##### RECORDS FOR THE EXERCISE

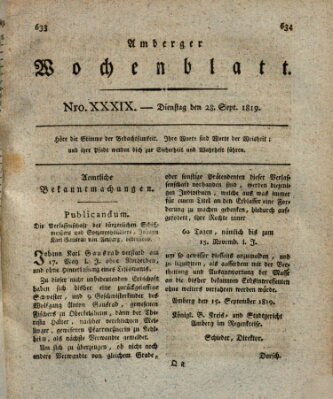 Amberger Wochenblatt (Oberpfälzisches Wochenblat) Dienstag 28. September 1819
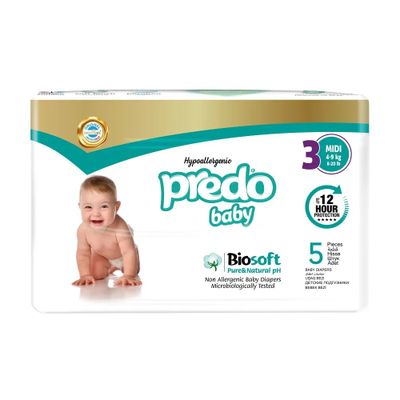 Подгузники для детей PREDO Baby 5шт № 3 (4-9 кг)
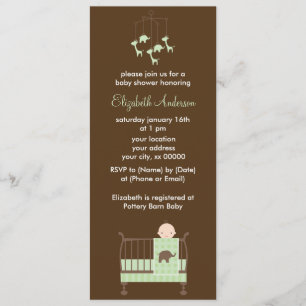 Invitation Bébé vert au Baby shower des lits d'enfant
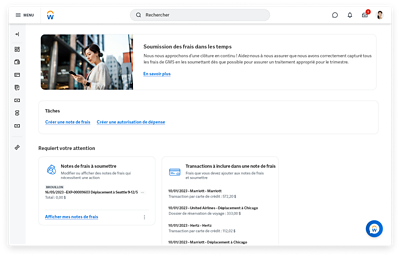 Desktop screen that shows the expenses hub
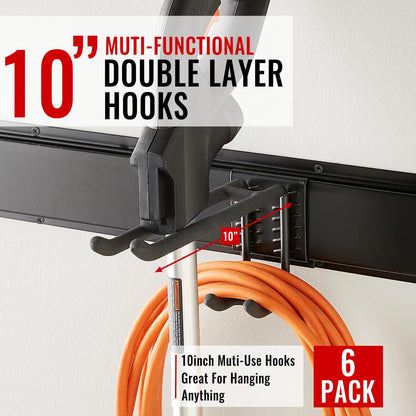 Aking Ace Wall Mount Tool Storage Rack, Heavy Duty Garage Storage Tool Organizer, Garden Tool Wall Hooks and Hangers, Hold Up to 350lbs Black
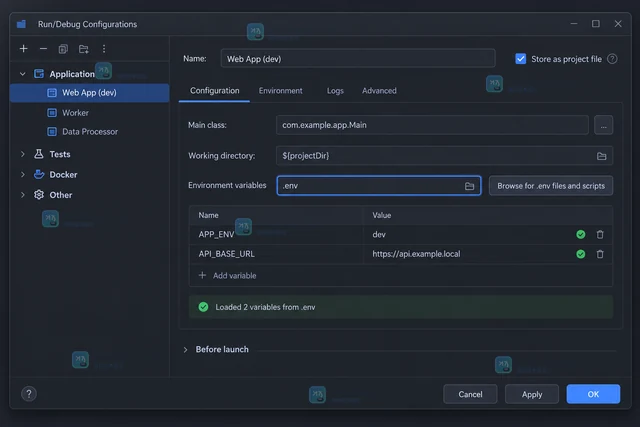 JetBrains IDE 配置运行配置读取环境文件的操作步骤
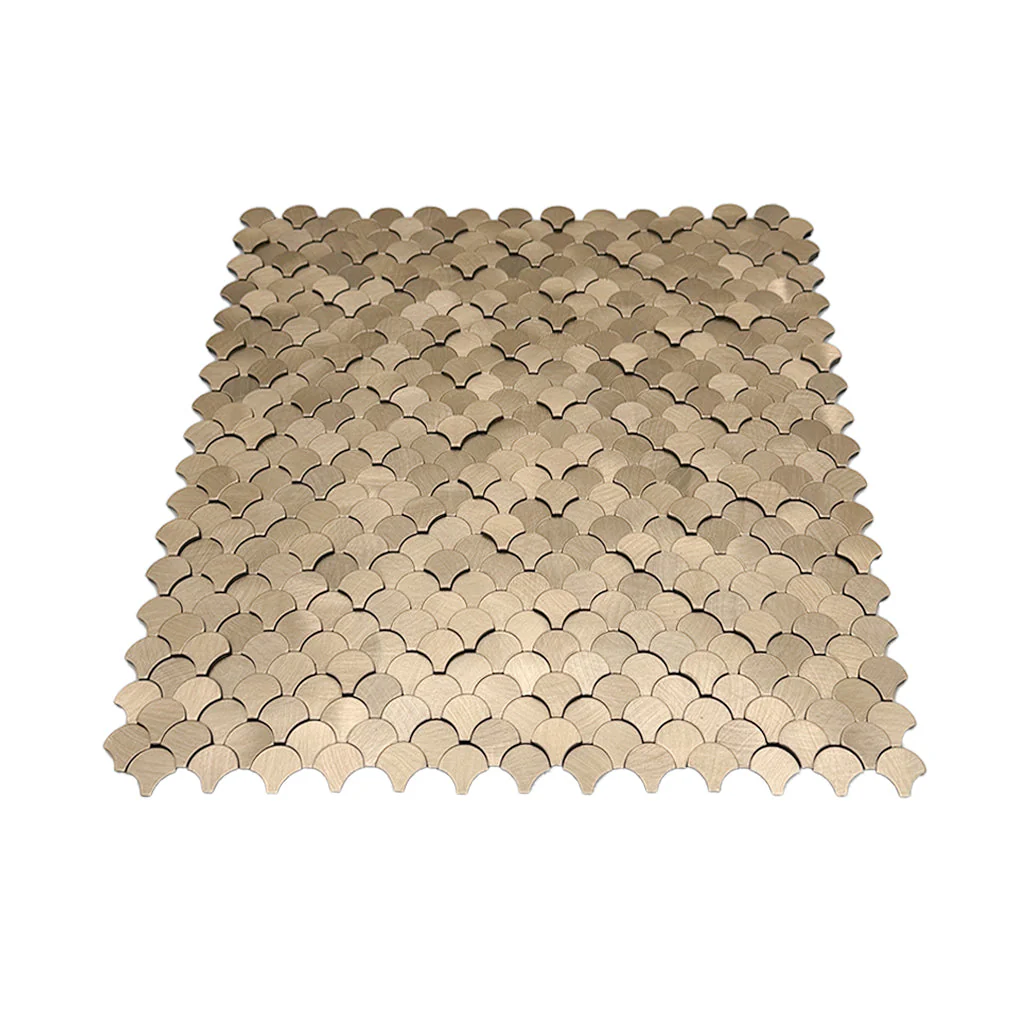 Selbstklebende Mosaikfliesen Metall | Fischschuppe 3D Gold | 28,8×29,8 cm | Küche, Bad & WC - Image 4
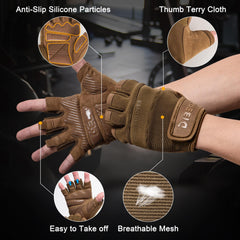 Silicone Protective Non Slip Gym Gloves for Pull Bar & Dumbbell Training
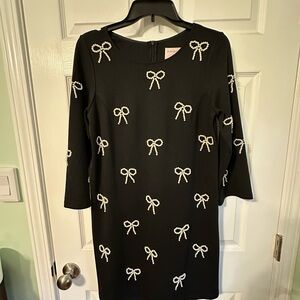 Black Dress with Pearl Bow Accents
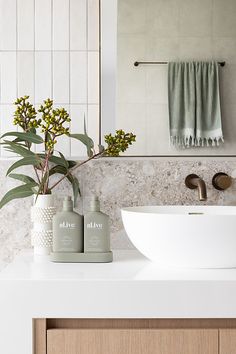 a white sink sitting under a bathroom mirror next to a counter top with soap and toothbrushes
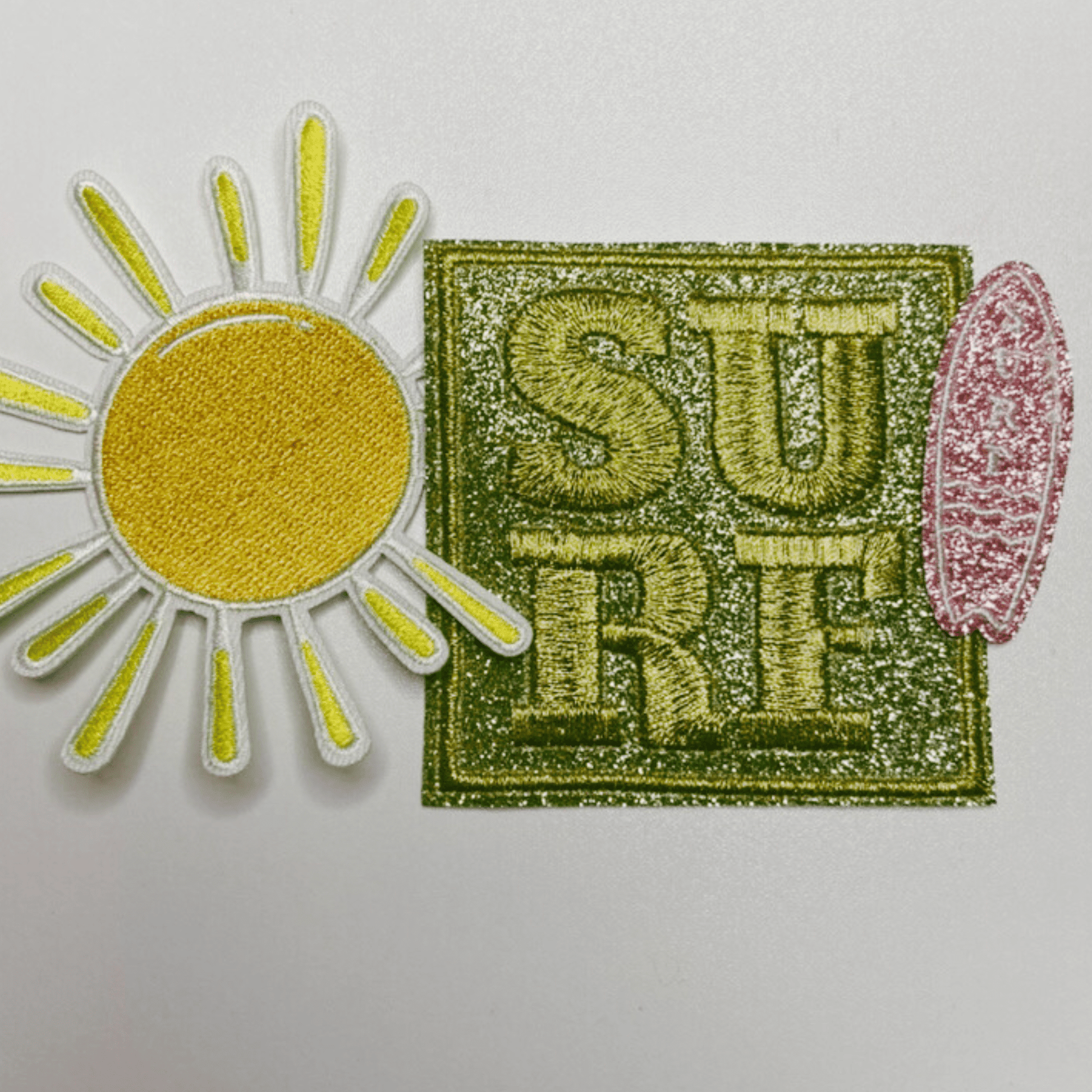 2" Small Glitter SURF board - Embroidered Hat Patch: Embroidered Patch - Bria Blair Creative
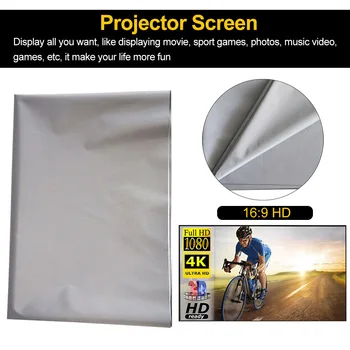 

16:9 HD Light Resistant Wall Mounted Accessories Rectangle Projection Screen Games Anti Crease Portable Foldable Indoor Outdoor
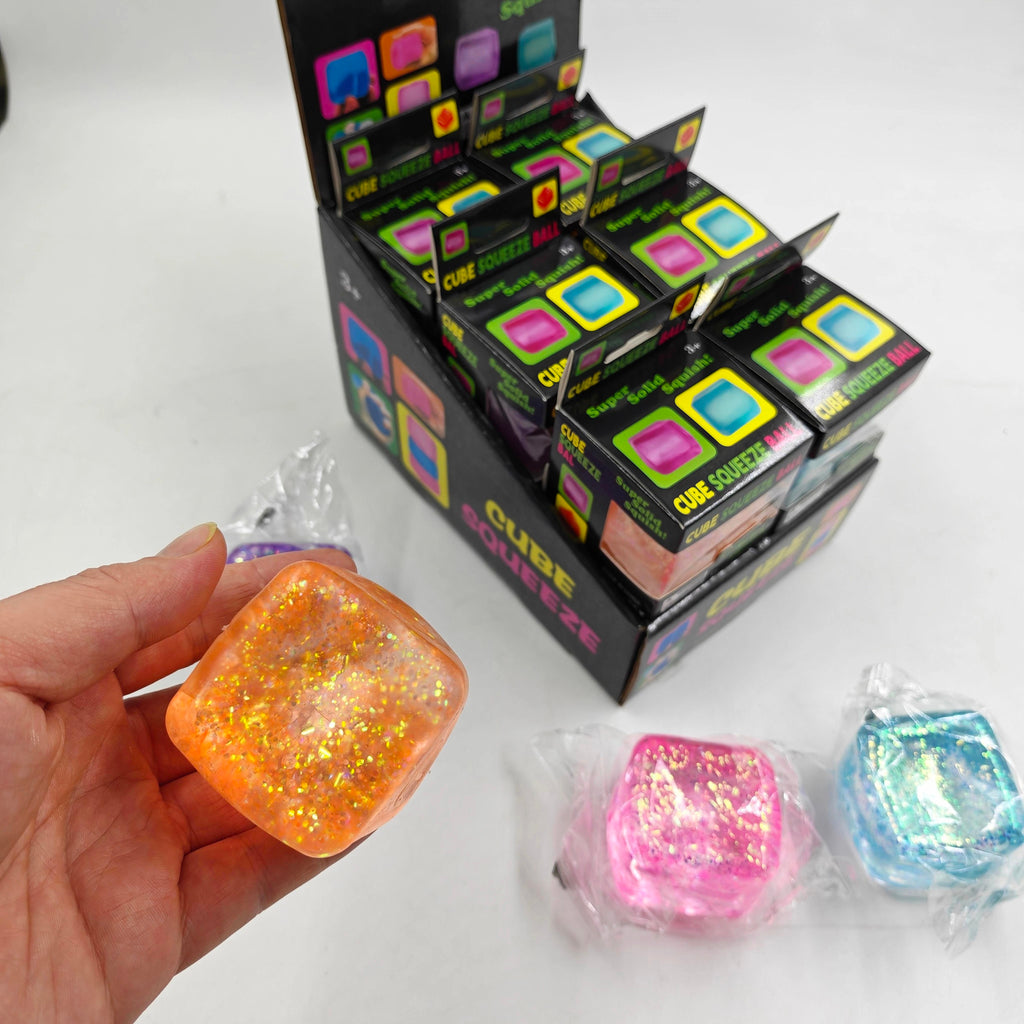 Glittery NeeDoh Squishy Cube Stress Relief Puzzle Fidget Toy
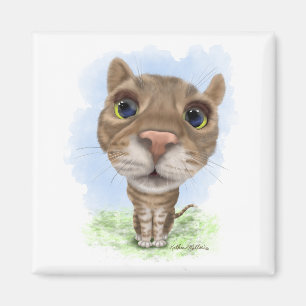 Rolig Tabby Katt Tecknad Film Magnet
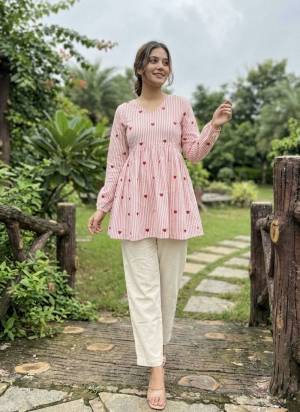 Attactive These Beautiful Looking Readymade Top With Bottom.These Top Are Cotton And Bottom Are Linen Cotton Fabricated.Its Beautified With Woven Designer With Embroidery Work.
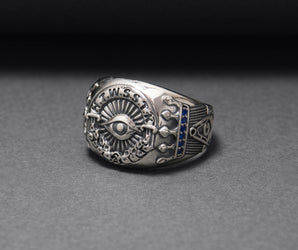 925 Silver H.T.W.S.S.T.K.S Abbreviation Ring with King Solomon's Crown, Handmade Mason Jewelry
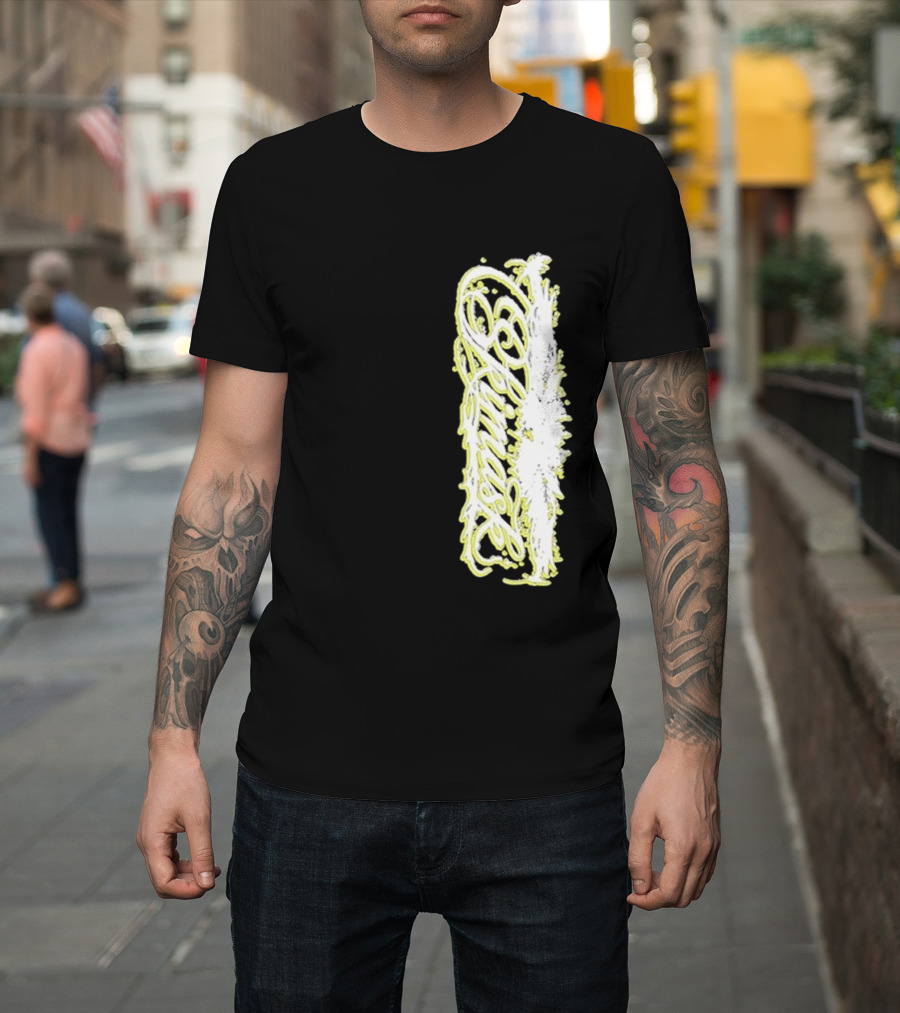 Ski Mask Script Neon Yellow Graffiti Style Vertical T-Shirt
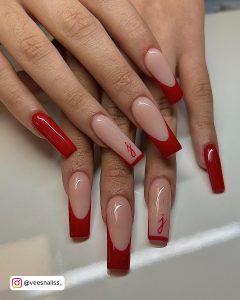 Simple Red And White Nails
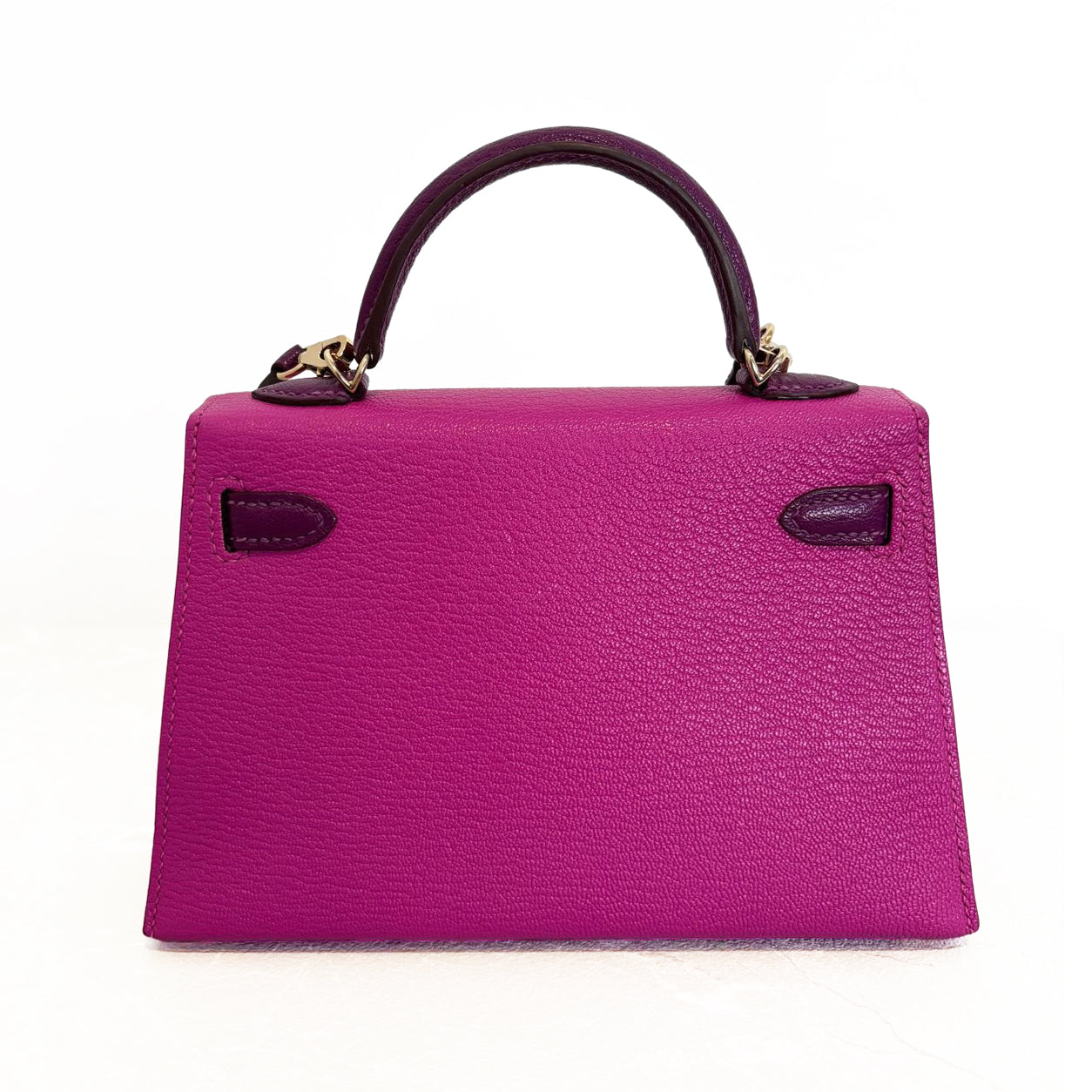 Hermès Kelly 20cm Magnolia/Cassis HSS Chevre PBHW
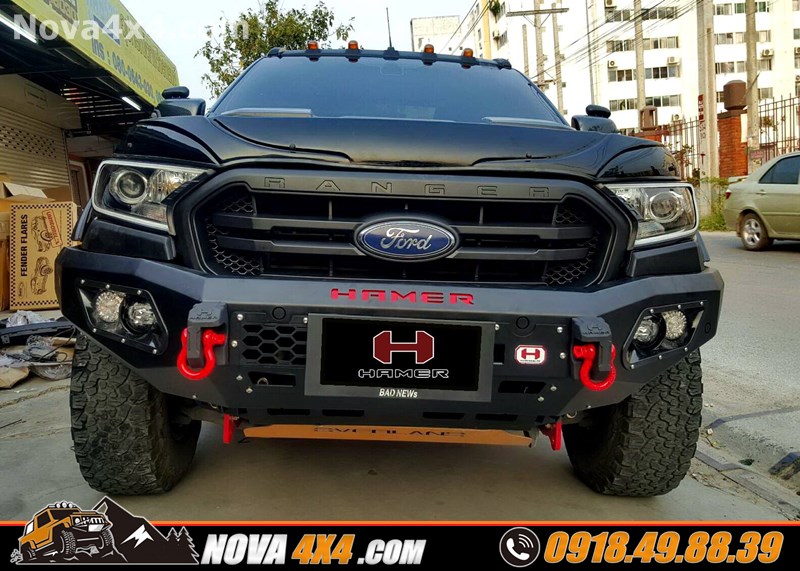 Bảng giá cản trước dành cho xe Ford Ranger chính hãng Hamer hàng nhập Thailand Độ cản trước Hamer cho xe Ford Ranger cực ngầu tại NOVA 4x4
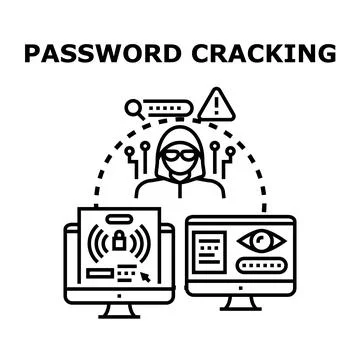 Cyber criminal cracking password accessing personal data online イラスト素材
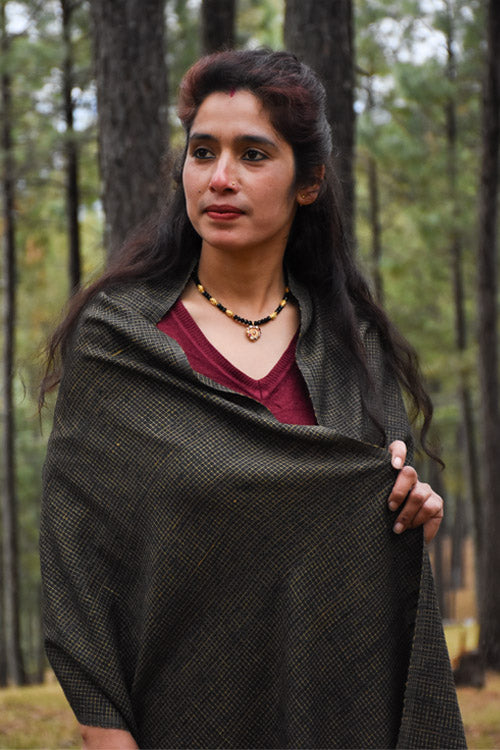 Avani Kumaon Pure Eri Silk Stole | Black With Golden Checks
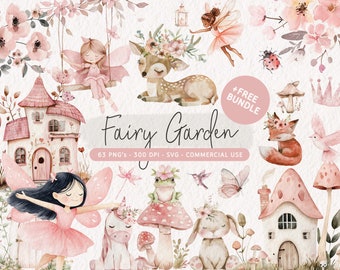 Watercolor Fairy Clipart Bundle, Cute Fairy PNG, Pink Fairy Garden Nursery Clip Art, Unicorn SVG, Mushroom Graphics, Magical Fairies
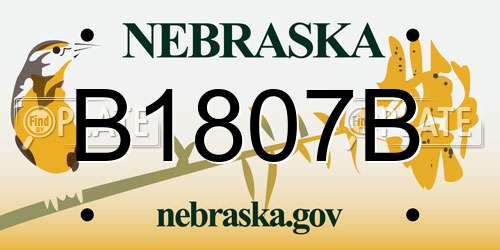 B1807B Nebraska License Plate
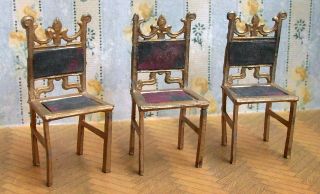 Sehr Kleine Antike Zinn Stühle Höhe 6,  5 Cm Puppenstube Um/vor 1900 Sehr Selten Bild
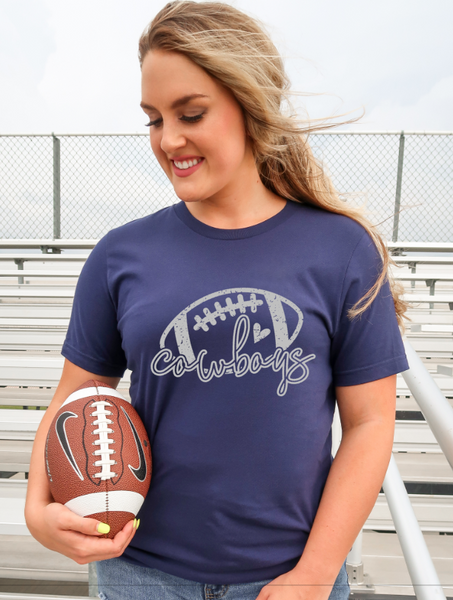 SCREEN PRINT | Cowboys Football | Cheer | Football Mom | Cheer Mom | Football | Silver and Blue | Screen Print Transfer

##########

ACTIVITY: Transcribe all the entries precisely. Do not include any picture.

ANSWER BOX:
 Amberger Wochenblatt (Oberpfälzisches Wochenblat) Dienstag 28. September 1819
 Подгузники для детей PREDO Baby 5шт № 3 (4-9 кг)
 Invitation Bébé vert au Baby shower des lits d'enfant
 Desktop screen that shows the expenses hub
 Aking Ace Wall Mount Tool Storage Rack, Heavy Duty Garage Storage Tool Organizer, Garden Tool Wall Hooks and Hangers, Hold Up to 350lbs Black
 JetBrains IDE 配置运行配置读取环境文件的操作步骤
 Selbstklebende Mosaikfliesen Metall | Fischschuppe 3D Gold | 28,8×29,8 cm | Küche, Bad & WC - Image 4
 Silicone Protective Non Slip Gym Gloves for Pull Bar & Dumbbell Training
 Black Dress with Pearl Bow Accents
 a white sink sitting under a bathroom mirror next to a counter top with soap and toothbrushes
 2" Small Glitter SURF board - Embroidered Hat Patch: Embroidered Patch - Bria Blair Creative

16:9 HD Light Resistant Wall Mounted Accessories Rectangle Projection Screen Games Anti Crease Portable Foldable Indoor Outdoor
 Glittery NeeDoh Squishy Cube Stress Relief Puzzle Fidget Toy
 Rolig Tabby Katt Tecknad Film Magnet
 Attactive These Beautiful Looking Readymade Top With Bottom.These Top Are Cotton And Bottom Are Linen Cotton Fabricated.Its Beautified With Woven Designer With Embroidery Work.
 925 Silver H.T.W.S.S.T.K.S Abbreviation Ring with King Solomon's Crown, Handmade Mason Jewelry
 Ski Mask Script Neon Yellow Graffiti Style Vertical T-Shirt
 Simple Red And White Nails
 Hermès Kelly 20cm Magnolia/Cassis HSS Chevre PBHW
 Bảng giá cản trước dành cho xe Ford Ranger chính hãng Hamer hàng nhập Thailand Độ cản trước Hamer cho xe Ford Ranger cực ngầu tại NOVA 4x4
 Cyber criminal cracking password accessing personal data online イラスト素材
 Avani Kumaon Pure Eri Silk Stole | Black With Golden Checks
 Watercolor Fairy Clipart Bundle, Cute Fairy PNG, Pink Fairy Garden Nursery Clip Art, Unicorn SVG, Mushroom Graphics, Magical Fairies
 B1807B Nebraska License Plate
 Sehr Kleine Antike Zinn Stühle Höhe 6,  5 Cm Puppenstube Um/vor 1900 Sehr Selten Bild
 SCREEN PRINT | Cowboys Football | Cheer | Football Mom | Cheer Mom | Football | Silver and Blue | Screen Print Transfer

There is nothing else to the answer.